(Items listed in a dataset)

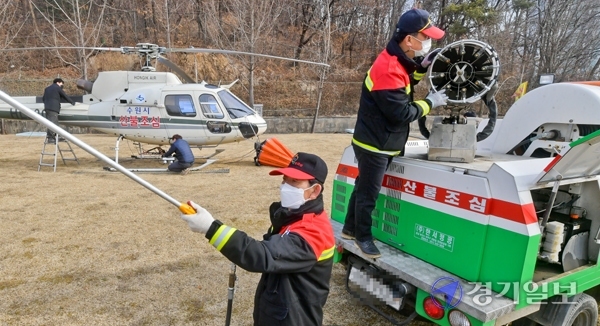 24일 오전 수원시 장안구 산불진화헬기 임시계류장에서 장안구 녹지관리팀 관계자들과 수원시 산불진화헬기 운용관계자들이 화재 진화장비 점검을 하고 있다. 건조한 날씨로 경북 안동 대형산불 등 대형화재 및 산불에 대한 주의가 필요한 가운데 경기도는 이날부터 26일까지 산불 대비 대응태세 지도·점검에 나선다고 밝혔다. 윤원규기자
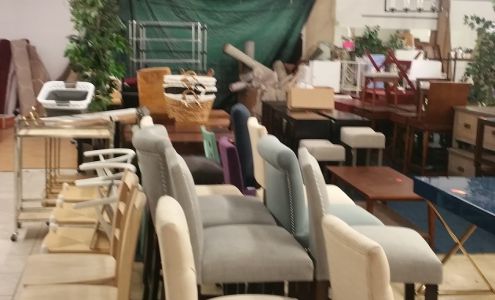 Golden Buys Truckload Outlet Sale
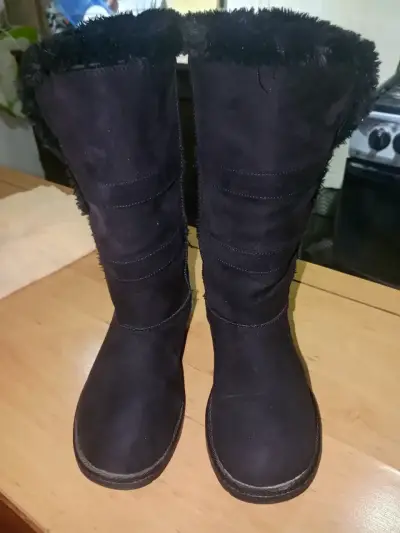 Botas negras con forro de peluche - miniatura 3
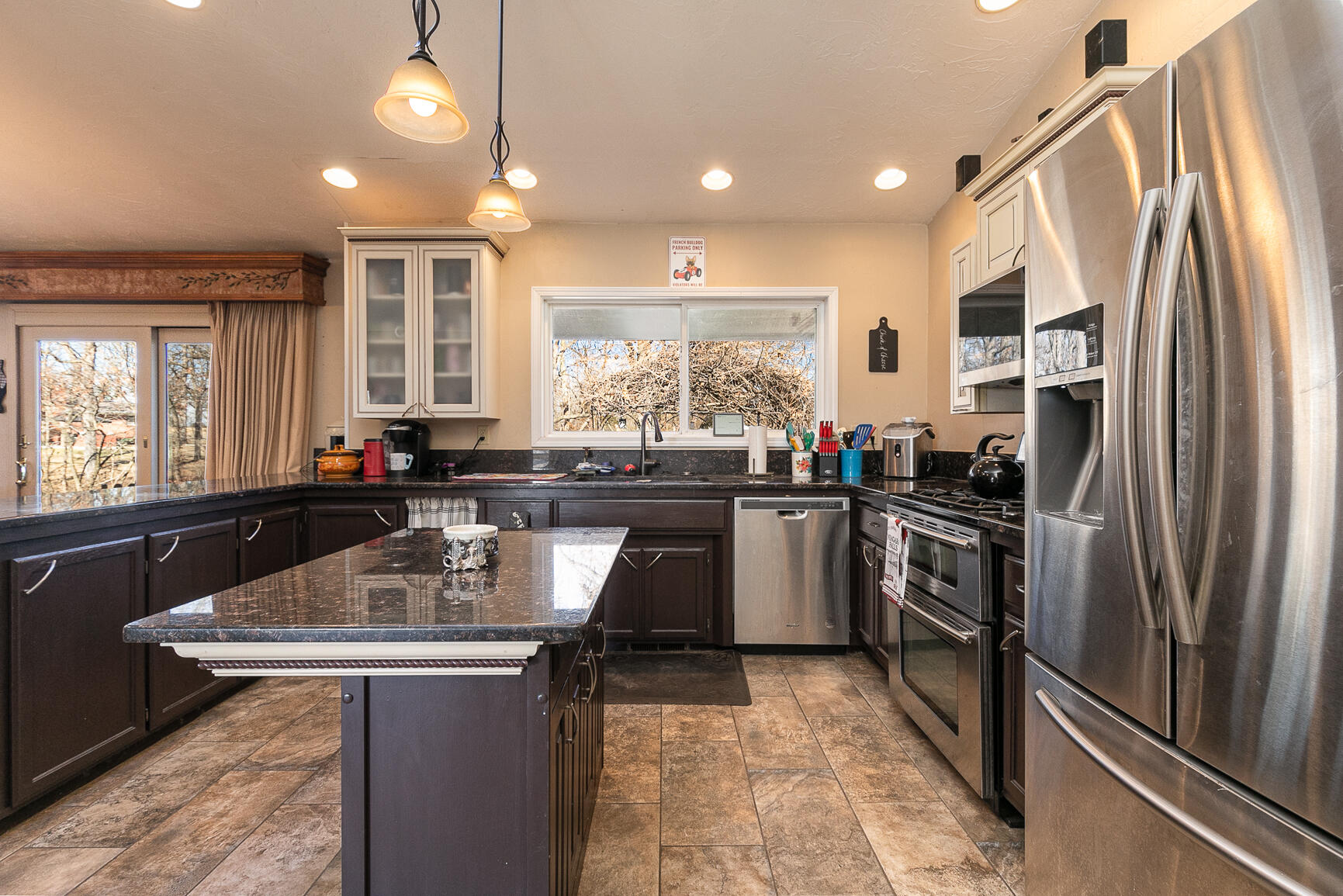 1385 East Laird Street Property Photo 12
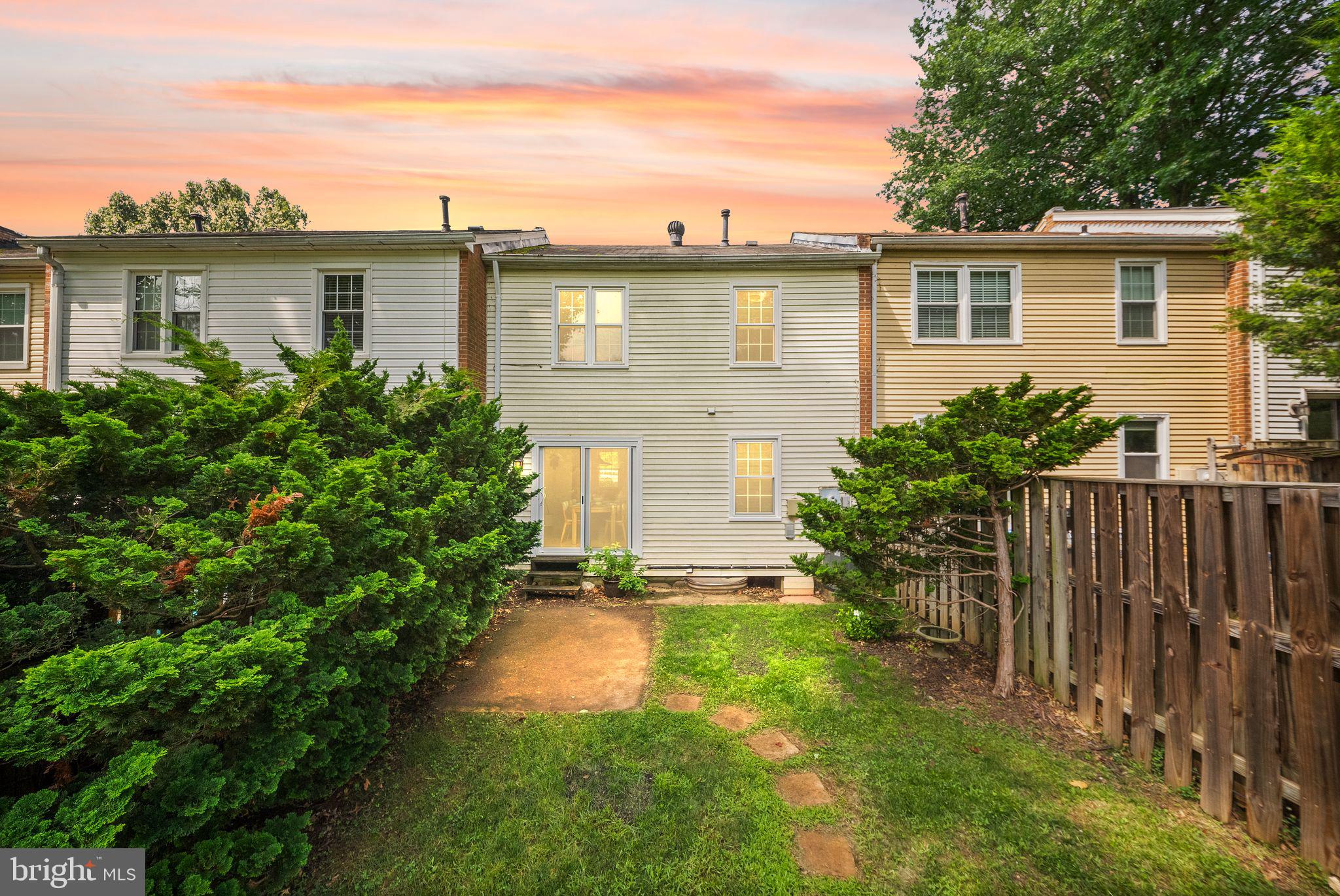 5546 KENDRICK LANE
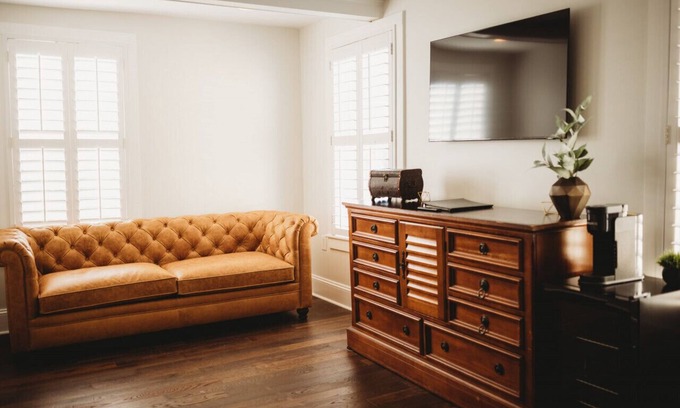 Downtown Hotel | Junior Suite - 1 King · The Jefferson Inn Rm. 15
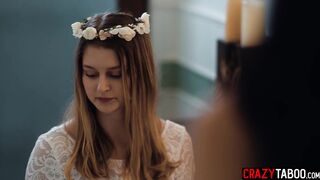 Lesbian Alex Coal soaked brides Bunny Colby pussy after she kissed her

• [To do]: The copy you produce must repeat all the entries exactly and contain no pictures.

• [Output of the task]:
 24일 오전 수원시 장안구 산불진화헬기 임시계류장에서 장안구 녹지관리팀 관계자들과 수원시 산불진화헬기 운용관계자들이 화재 진화장비 점검을 하고 있다. 건조한 날씨로 경북 안동 대형산불 등 대형화재 및 산불에 대한 주의가 필요한 가운데 경기도는 이날부터 26일까지 산불 대비 대응태세 지도·점검에 나선다고 밝혔다. 윤원규기자
 Golden Buys Truckload Outlet Sale
 Botas negras con forro de peluche - miniatura 3
 1385 East Laird Street Property Photo 12
 5546 KENDRICK LANE
 Downtown Hotel | Junior Suite - 1 King · The Jefferson Inn Rm. 15
 Lesbian Alex Coal soaked brides Bunny Colby pussy after she kissed her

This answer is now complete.